(Source records)
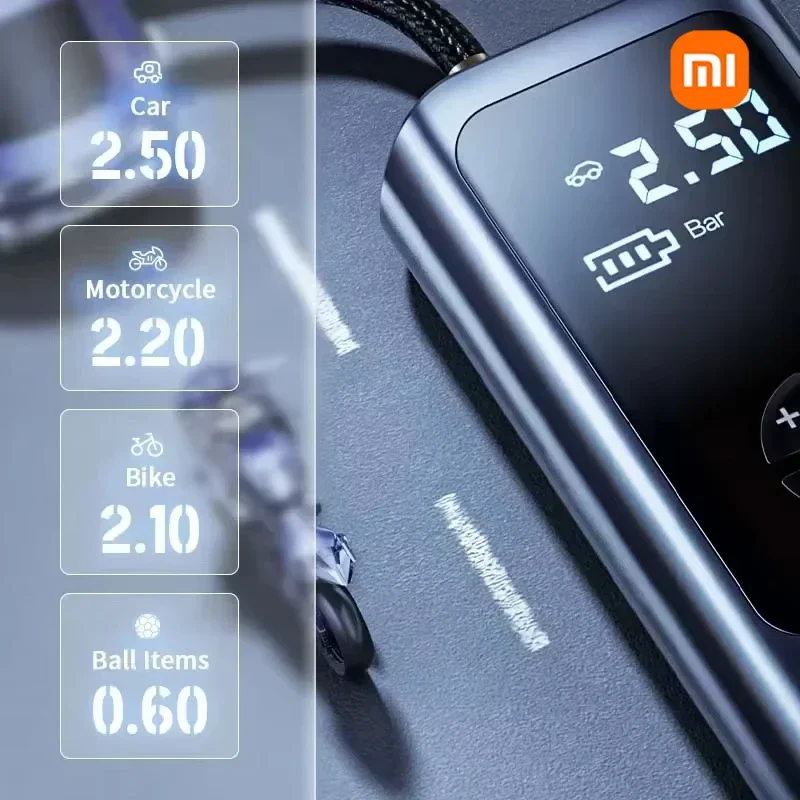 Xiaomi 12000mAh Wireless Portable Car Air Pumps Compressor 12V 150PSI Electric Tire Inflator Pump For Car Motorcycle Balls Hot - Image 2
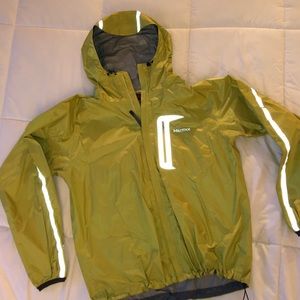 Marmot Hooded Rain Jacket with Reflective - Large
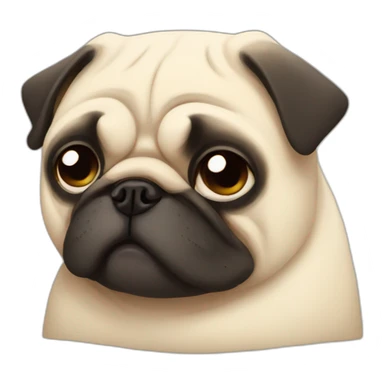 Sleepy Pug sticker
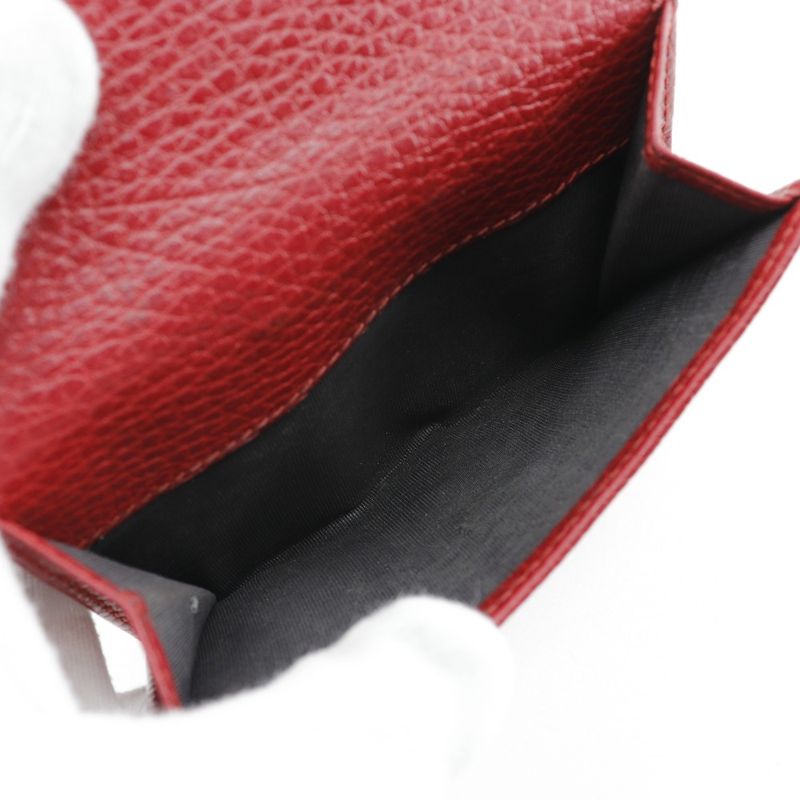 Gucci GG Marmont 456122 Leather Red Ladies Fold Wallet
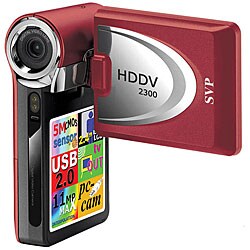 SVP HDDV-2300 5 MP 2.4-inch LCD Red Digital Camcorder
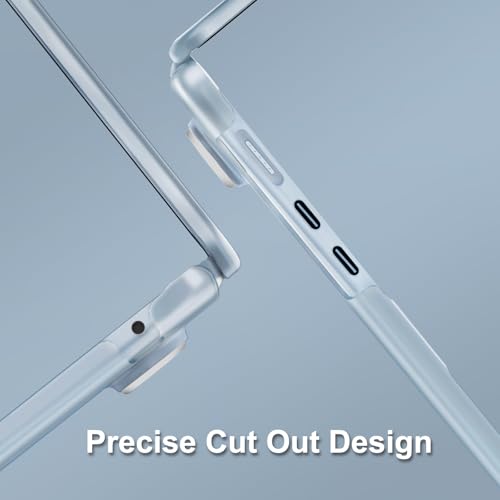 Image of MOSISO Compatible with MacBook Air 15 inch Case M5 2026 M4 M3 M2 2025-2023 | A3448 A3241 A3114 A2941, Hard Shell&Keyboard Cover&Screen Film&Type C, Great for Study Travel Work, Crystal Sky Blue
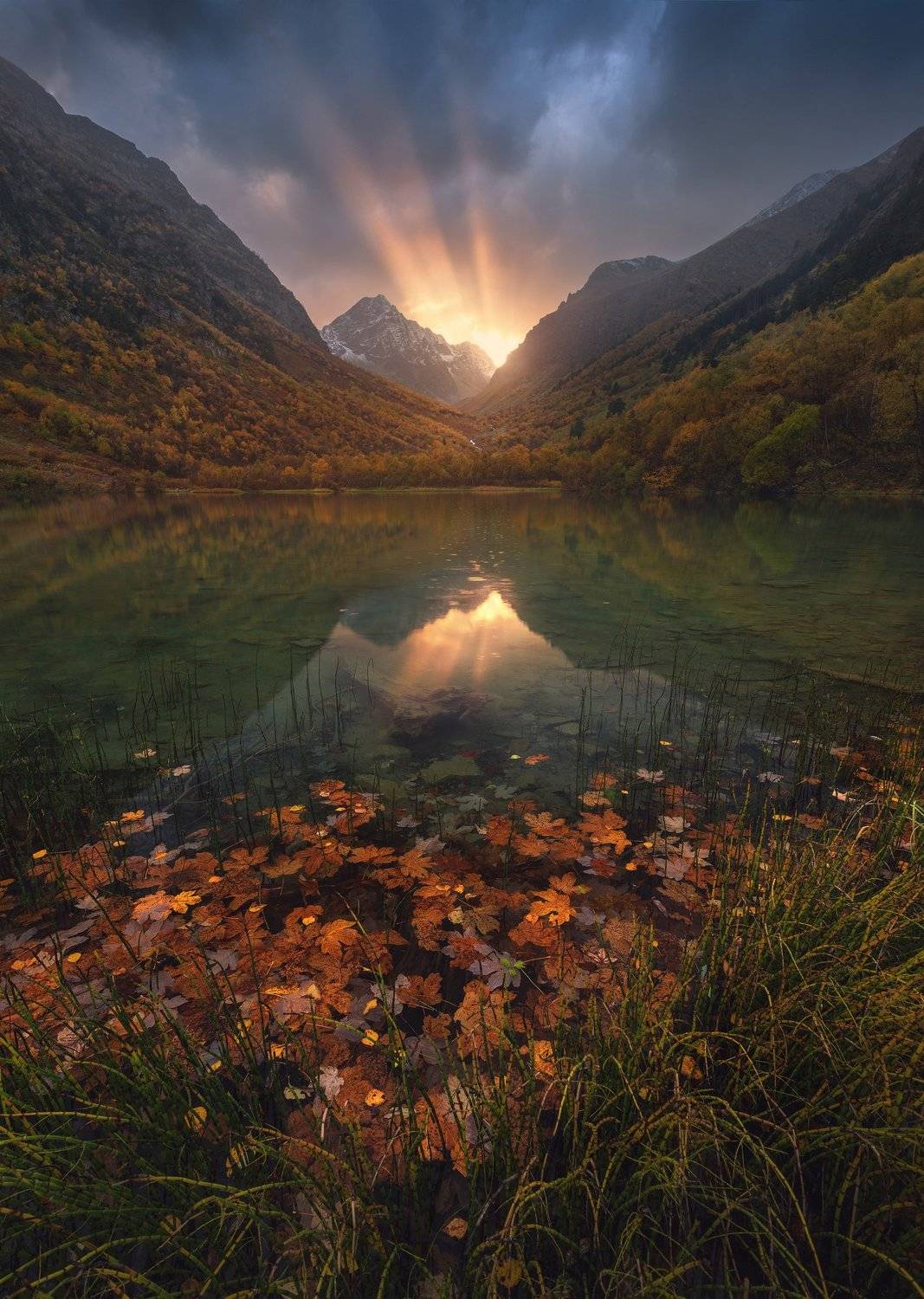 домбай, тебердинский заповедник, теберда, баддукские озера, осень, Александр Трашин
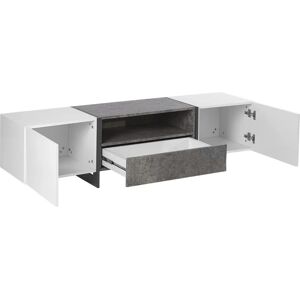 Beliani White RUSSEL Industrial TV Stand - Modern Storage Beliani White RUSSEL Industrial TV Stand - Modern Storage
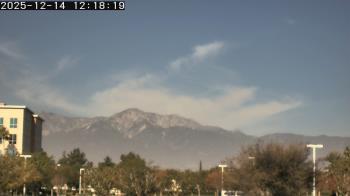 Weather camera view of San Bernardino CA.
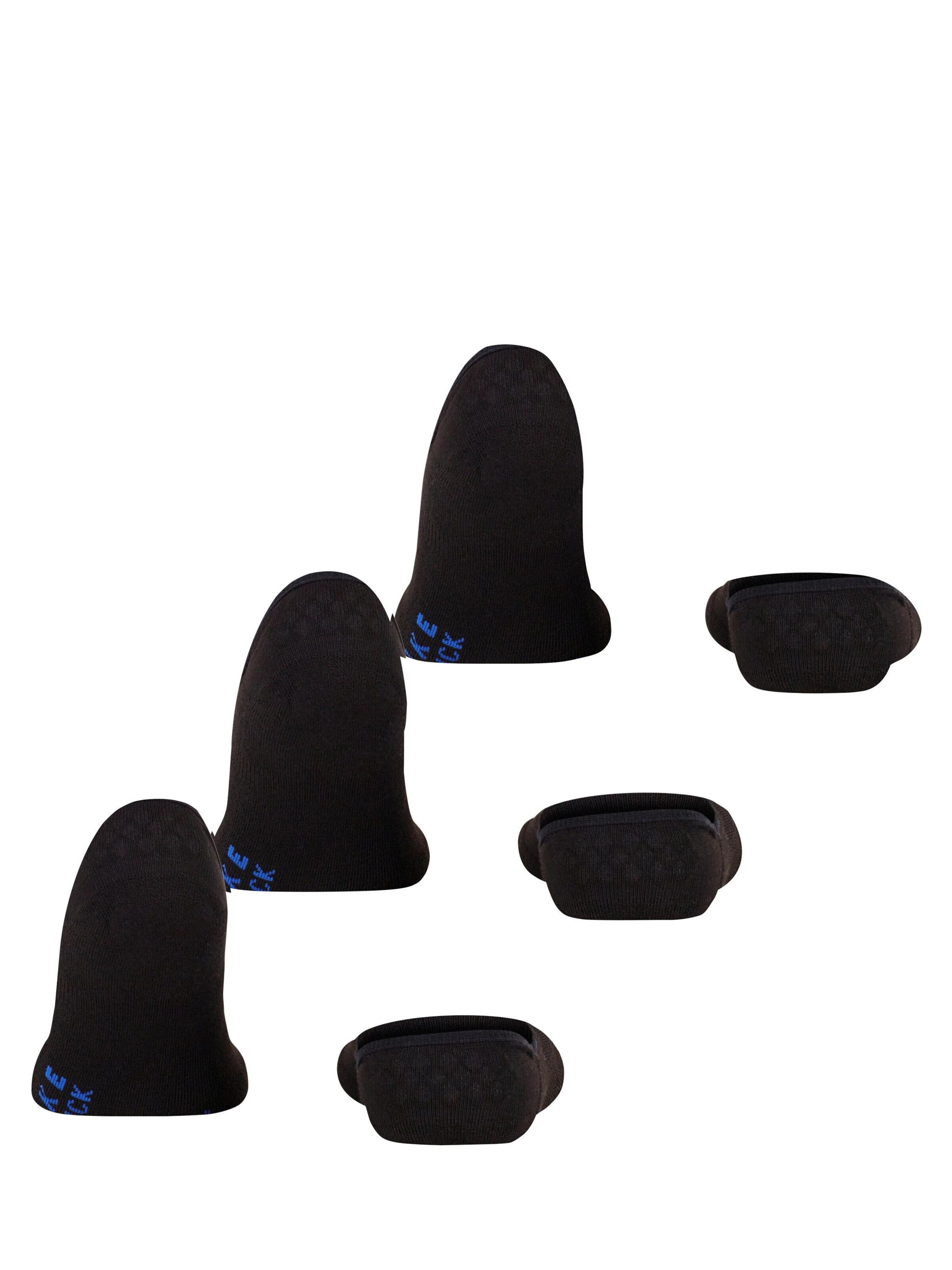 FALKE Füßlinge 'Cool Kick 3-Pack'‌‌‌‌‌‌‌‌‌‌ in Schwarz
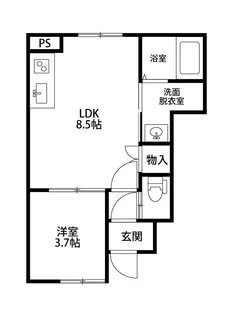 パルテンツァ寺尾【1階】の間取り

TRY IT = Please output, exactly and with no pictures, only the lines from the one containing "FALKE Füßlinge 'Cool" through the final line of the records above.

TASK ANSWER =
 FALKE Füßlinge 'Cool Kick 3-Pack'‌‌‌‌‌‌‌‌‌‌ in Schwarz
 パルテンツァ寺尾【1階】の間取り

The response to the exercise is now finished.